───── PROVIDED RECORDS

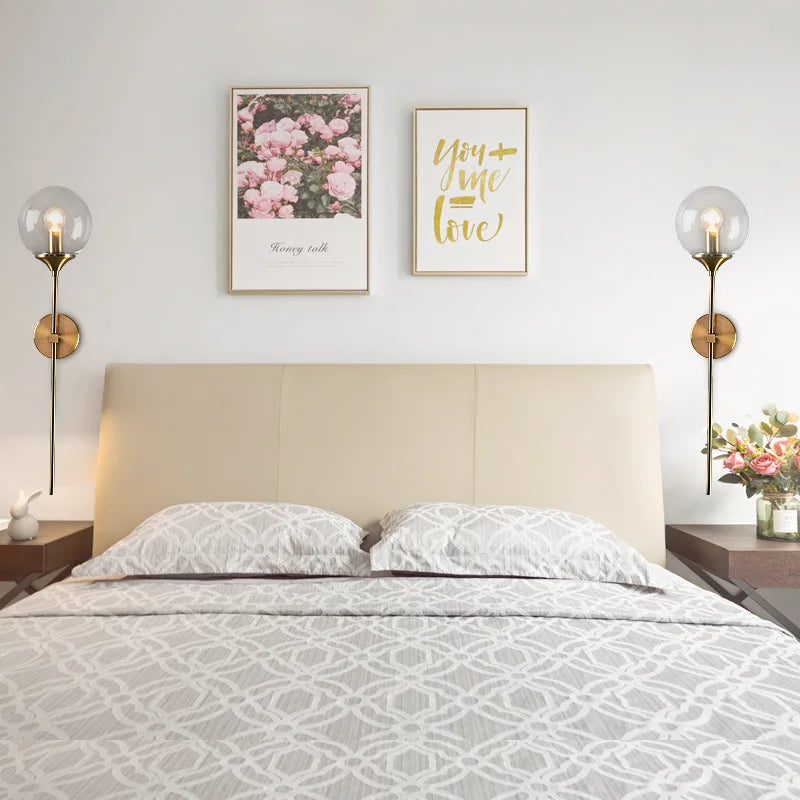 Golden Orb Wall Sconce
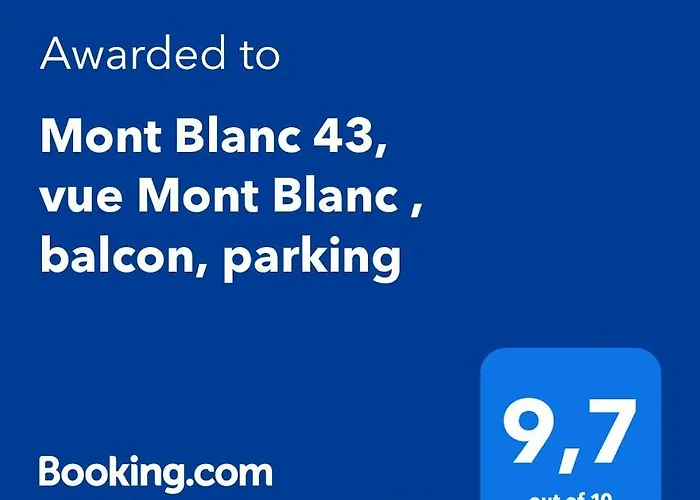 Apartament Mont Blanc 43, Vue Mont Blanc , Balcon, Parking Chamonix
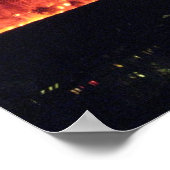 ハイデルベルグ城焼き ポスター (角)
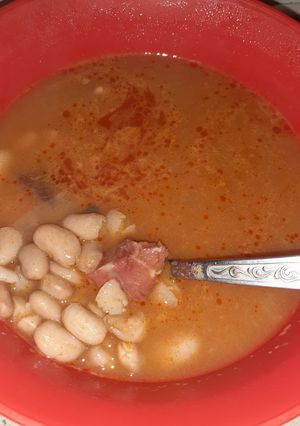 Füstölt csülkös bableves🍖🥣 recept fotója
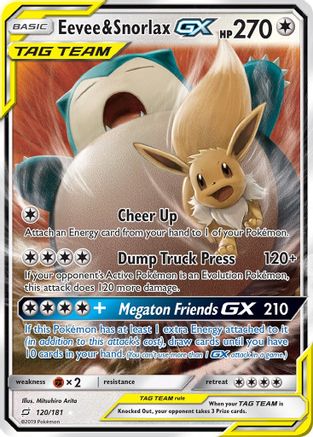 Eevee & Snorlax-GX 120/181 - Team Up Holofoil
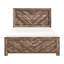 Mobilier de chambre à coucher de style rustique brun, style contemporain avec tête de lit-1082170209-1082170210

──────────
───── PROVIDED RECORDS

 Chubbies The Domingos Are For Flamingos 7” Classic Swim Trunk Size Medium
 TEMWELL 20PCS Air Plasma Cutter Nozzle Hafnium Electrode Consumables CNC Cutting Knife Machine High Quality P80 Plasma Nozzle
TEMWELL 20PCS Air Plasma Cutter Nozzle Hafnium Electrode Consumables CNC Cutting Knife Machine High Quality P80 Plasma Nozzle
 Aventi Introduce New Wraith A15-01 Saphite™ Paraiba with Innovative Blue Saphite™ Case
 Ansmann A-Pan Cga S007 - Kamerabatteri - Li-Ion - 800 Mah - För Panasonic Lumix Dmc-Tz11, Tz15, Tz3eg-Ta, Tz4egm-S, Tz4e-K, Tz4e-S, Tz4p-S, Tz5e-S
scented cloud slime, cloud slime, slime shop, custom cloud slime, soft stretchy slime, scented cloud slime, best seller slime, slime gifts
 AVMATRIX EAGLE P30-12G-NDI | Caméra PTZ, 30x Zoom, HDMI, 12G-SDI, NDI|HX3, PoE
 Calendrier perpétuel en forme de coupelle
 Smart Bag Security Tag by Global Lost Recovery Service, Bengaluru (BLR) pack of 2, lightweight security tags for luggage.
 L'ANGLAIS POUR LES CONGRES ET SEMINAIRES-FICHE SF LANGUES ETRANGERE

──────────
───── PROVIDED RECORDS

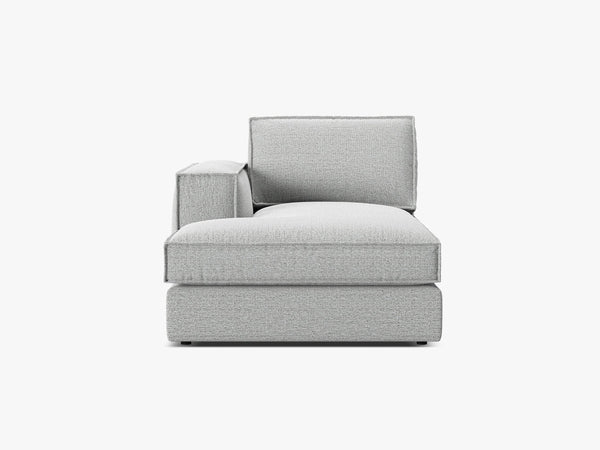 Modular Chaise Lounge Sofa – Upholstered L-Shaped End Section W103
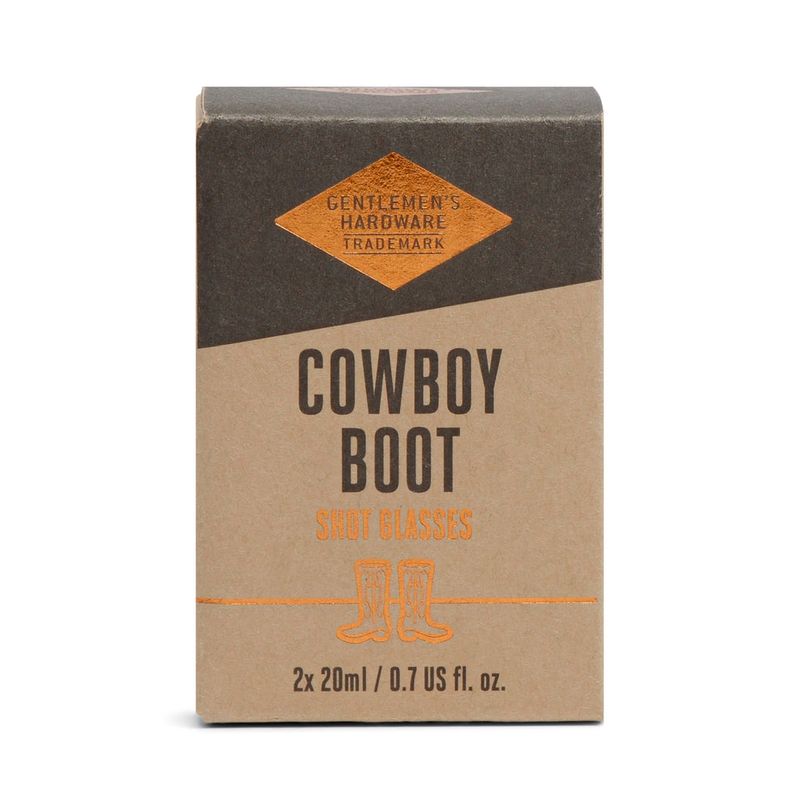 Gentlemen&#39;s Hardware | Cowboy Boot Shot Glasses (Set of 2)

──────────

● WHAT IS NEEDED
From the entries above, write out only the lines starting at the line that holds "Chubbies The Domingos" and ending at the line that holds "L'ANGLAIS POUR LES", keeping both and matching them exactly.

● ANSWER TO THE PROBLEM
 Chubbies The Domingos Are For Flamingos 7” Classic Swim Trunk Size Medium
 TEMWELL 20PCS Air Plasma Cutter Nozzle Hafnium Electrode Consumables CNC Cutting Knife Machine High Quality P80 Plasma Nozzle
TEMWELL 20PCS Air Plasma Cutter Nozzle Hafnium Electrode Consumables CNC Cutting Knife Machine High Quality P80 Plasma Nozzle
 Aventi Introduce New Wraith A15-01 Saphite™ Paraiba with Innovative Blue Saphite™ Case
 Ansmann A-Pan Cga S007 - Kamerabatteri - Li-Ion - 800 Mah - För Panasonic Lumix Dmc-Tz11, Tz15, Tz3eg-Ta, Tz4egm-S, Tz4e-K, Tz4e-S, Tz4p-S, Tz5e-S
scented cloud slime, cloud slime, slime shop, custom cloud slime, soft stretchy slime, scented cloud slime, best seller slime, slime gifts
 AVMATRIX EAGLE P30-12G-NDI | Caméra PTZ, 30x Zoom, HDMI, 12G-SDI, NDI|HX3, PoE
 Calendrier perpétuel en forme de coupelle
 Smart Bag Security Tag by Global Lost Recovery Service, Bengaluru (BLR) pack of 2, lightweight security tags for luggage.
 L'ANGLAIS POUR LES CONGRES ET SEMINAIRES-FICHE SF LANGUES ETRANGERE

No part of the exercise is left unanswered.